Lebendige Erinnerung. In diesem Jahr fällt Gründonnerstag auf den 9. April. Am 9. April 1945, vor 75 Jahren, wurde Dietrich Bonhoeffer im Konzentrationslager Flossenbürg von den Nazis ermordet. Sein Lebensweg und die Worte, die Dietrich Bonhoeffer fand, haben seither viele Menschen bewegt. Bekannt (auch als Lied) ist nicht zuletzt das Gedicht, das er in den letzten Tagen des Jahres 1944 im Gefängnis verfasste. Unter den aktuellen Umständen gewinnen die Verse noch einmal einen ganz eigenen Klang.
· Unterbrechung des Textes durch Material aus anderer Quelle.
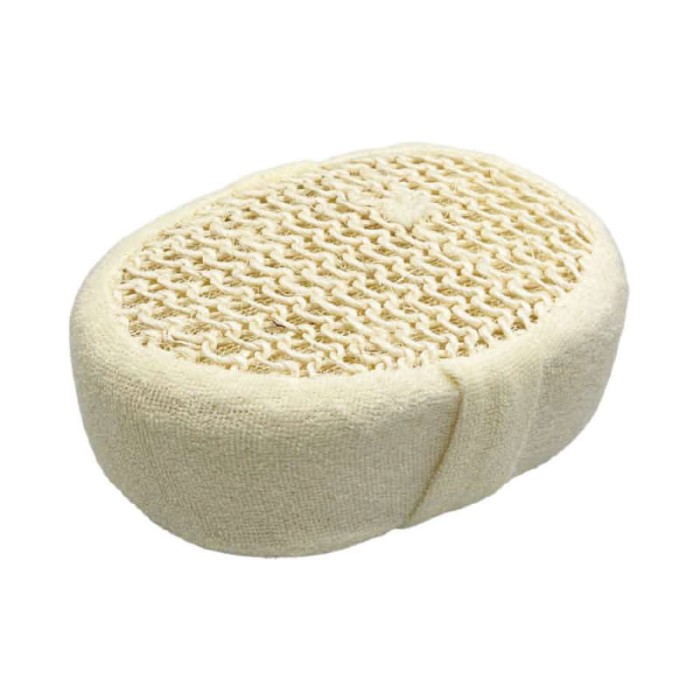 Boreal Natural Sisal & Cotton Body Loofah Sponge -1470 - Natural and Refreshing Skin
Und so möchte ich anregen, sich am Abend des Gründonnerstags, wenn wir uns nicht wie sonst als Gemeinde am Tisch des Herrn versammeln können, auch an dieses Gedicht Bonhoeffers zu erinnern – zum Beispiel dann, wenn die Glocken unserer Lutherkirche um 18 Uhr zum Gebet läuten. Lebendige Erinnerung, die das Gestern und Heute zusammenhält – und beides hineinnimmt in die Erinnerung an die Gemeinschaft, die Gott uns in Christus geschenkt hat und die uns trägt und miteinander verbunden sein lässt über alle Grenzen hinweg, dem Morgen entgegen. „Führ, wenn es sein kann, wieder uns zusammen. Wir wissen es, dein Licht scheint in der Nacht.“

Von guten Mächten treu und still umgeben,
behütet und getröstet wunderbar,
so will ich diese Tage mit euch leben
und mit euch gehen in ein neues Jahr.
 
Noch will das alte unsre Herzen quälen,
noch drückt uns böser Tage schwere Last.
Ach Herr, gib unsern aufgeschreckten Seelen
das Heil, für das du uns geschaffen hast.
 
Und reichst du uns den schweren Kelch, den bittern
des Leids, gefüllt bis an den höchsten Rand,
so nehmen wir ihn dankbar ohne Zittern
aus deiner guten und geliebten Hand.
 
Doch willst du uns noch einmal Freude schenken
an dieser Welt und ihrer Sonne Glanz,
dann wolln wir des Vergangenen gedenken,
und dann gehört dir unser Leben ganz.
 
Lass warm und hell die Kerzen heute flammen,
die du in unsre Dunkelheit gebracht,
führ, wenn es sein kann, wieder uns zusammen.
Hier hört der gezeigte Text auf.